Determine whether a payment correctly settles an invoice.


Agentic Workflows

Trigger downstream actions:

  • approve,
  • escalate,
  • notify,
  • reconcile,
  • update ERP.

The same dataset becomes reusable across multiple machine learning tasks.


Lessons Learned

After generating hundreds of thousands of synthetic enterprise transactions, one lesson became obvious.

Volume alone is meaningless.

Relationships matter.

Business logic matters.

Ground truth matters.

If your synthetic dataset behaves like a real business, your AI system learns to solve real business problems.

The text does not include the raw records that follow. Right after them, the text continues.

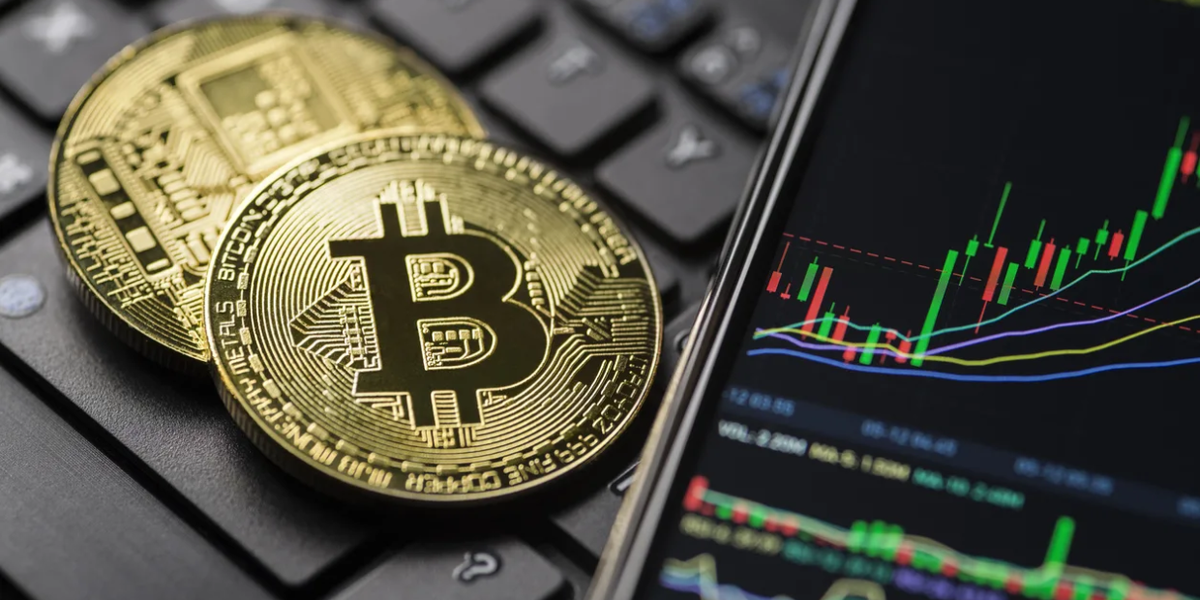 Трамп объявил о создании госрезерва криптовалют: цены на BTC и альткоины резко выросли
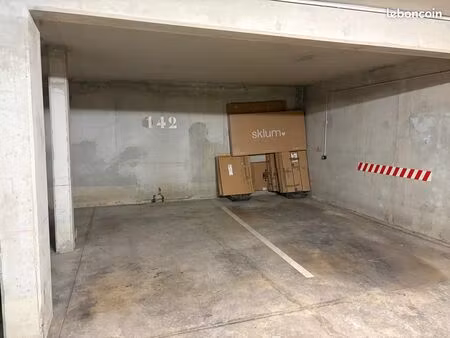 place de parking sécurisée - quartier sabines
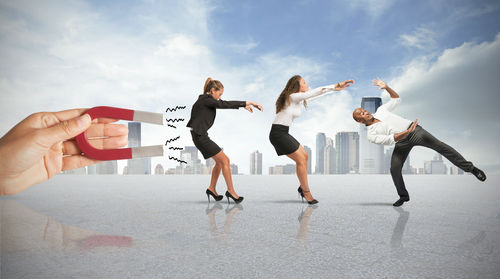 Attract web analytics metrics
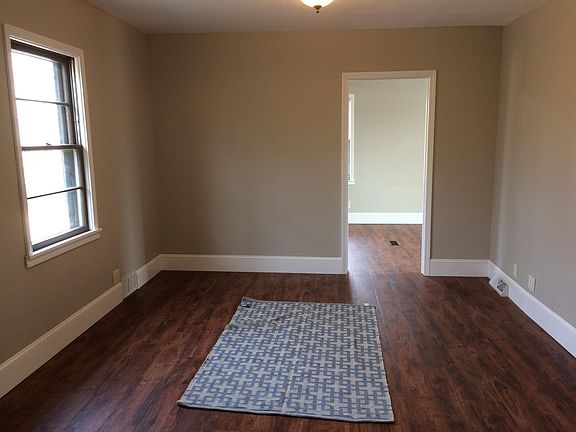 4th image of 22003 Durand Ave #B
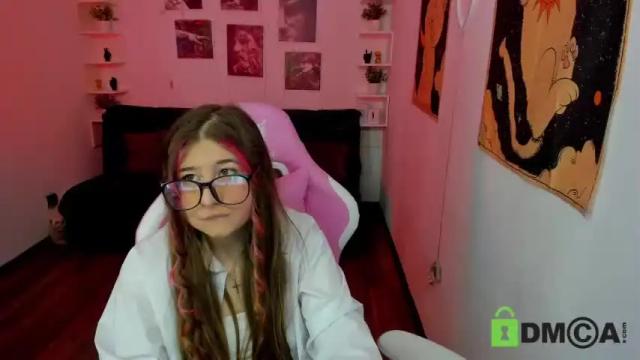 Image 3 of free_apple Stream on Chaturbate on 15 months ago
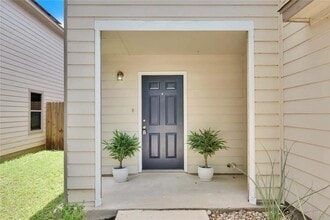 6629 Doyal Dr in Austin, TX - Building Photo - Building Photo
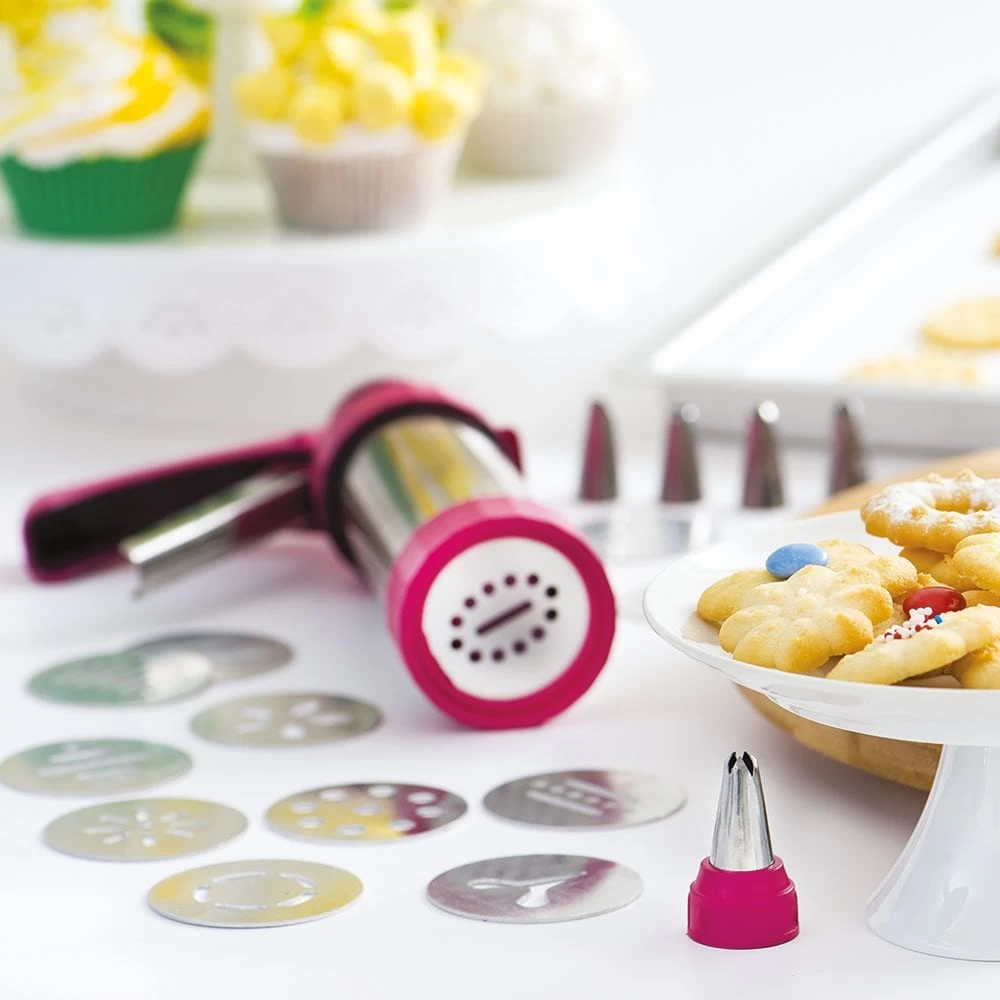 Decora Cookie Press with pattern discs and nozzles Decora Cookie Press With Pattern Discs And Nozzles -Wilton Shop decora cookie press with pattern discs and nozzles p6435 27353 image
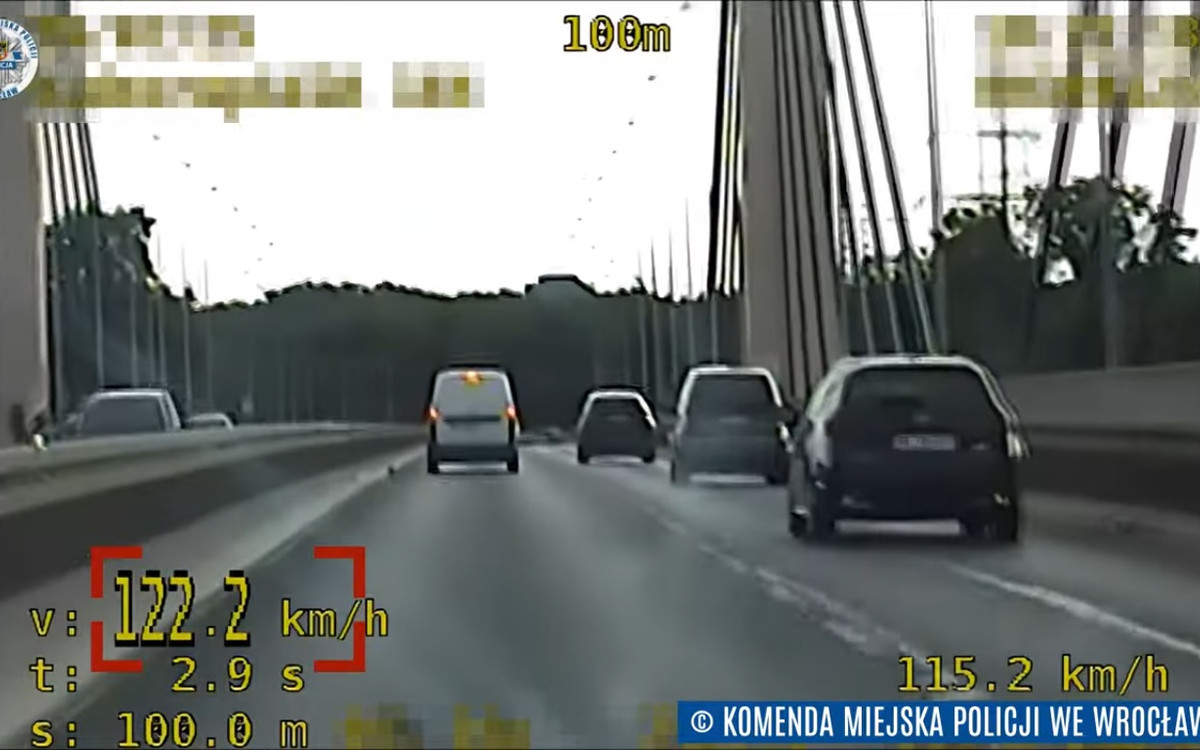 62 km za szybko na Moście Milenijnym. 22-latek zatrzymany przez policję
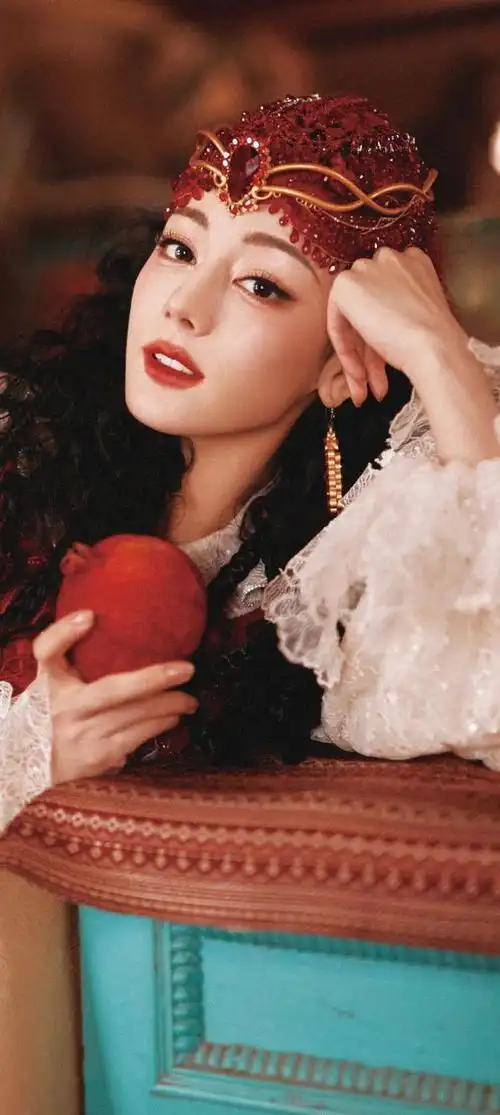 在这张美女系列壁纸中,迪丽热巴的美貌犹如一道亮丽的风景线,让人眼前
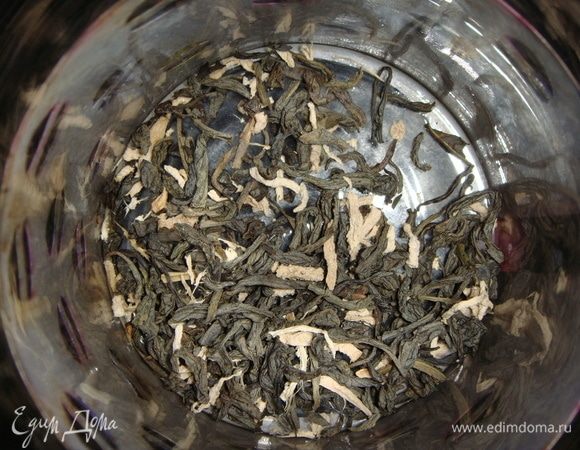 В заварной чайник всыпать зеленые чай.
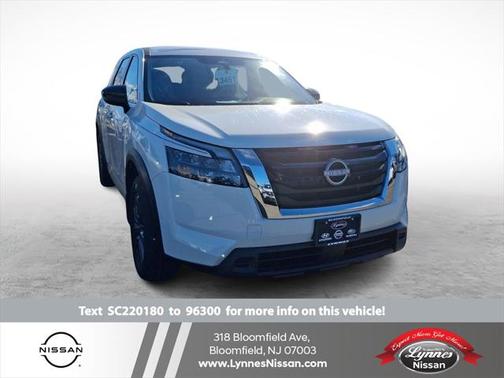 2025 Nissan Pathfinder S 4WD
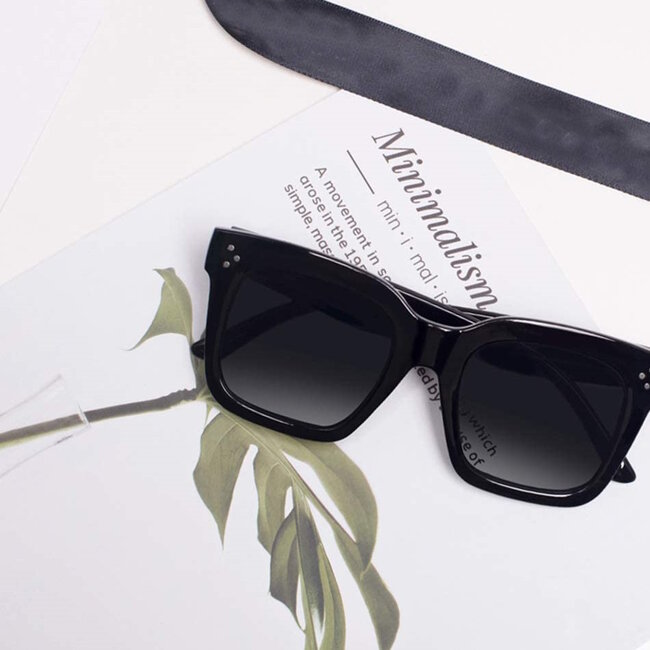 Sun Square Zonnebril | Black/Zwart | Fashion Favorite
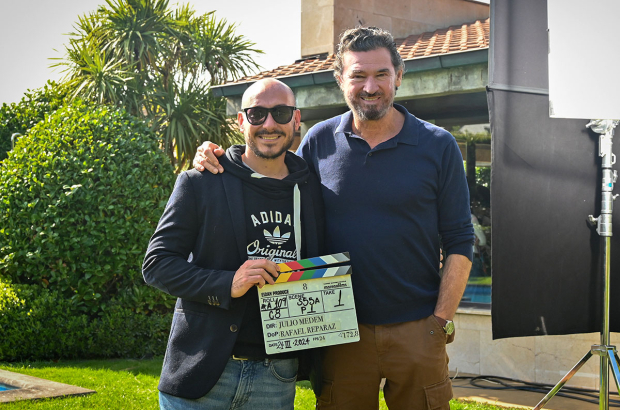 El productor Rodrigo Espinel posa con la claqueta de ‘8’ junto a su director, Julio Medem.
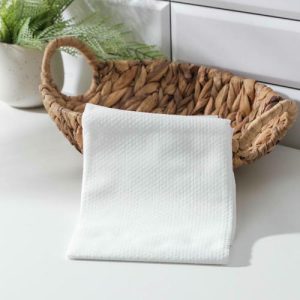 Салфетка универсальная нетканая, 70x140 см, цвет белый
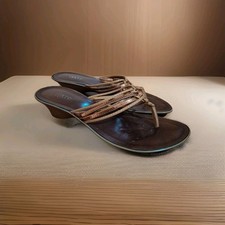 Sandales, Tongues en Cuir T.35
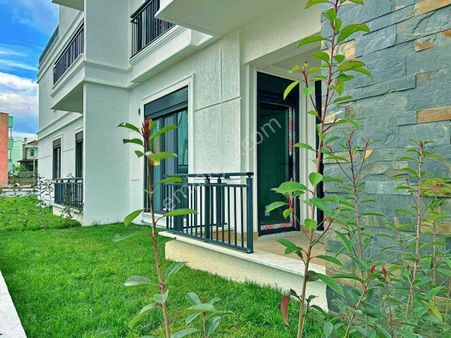 Uytundan Edremit Cennetayağında Bahçeli Kapalı Otoparklı Lüks1+1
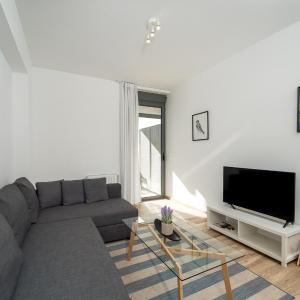 Riviera 1BR - 8 min Niarchos SNFCC by TwentyTwo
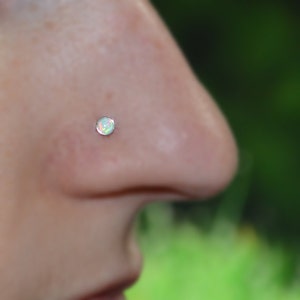 Nose Stud White Opal - Silver Nose Hoop - Helix Earring - Tragus Stud - Cartilage Earring - Nose Ring - Daith Piercing - Tragus Earring 20g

If your synthetic dataset behaves like random CSV files, your AI system learns randomness.


Conclusion

Synthetic data is not a shortcut.

It is an engineering discipline.

Well-designed synthetic datasets preserve business logic, entity relationships, referential integrity, and realistic variability.

These characteristics make them valuable not only for machine learning but also for benchmarking, software testing, API validation, and enterprise automation.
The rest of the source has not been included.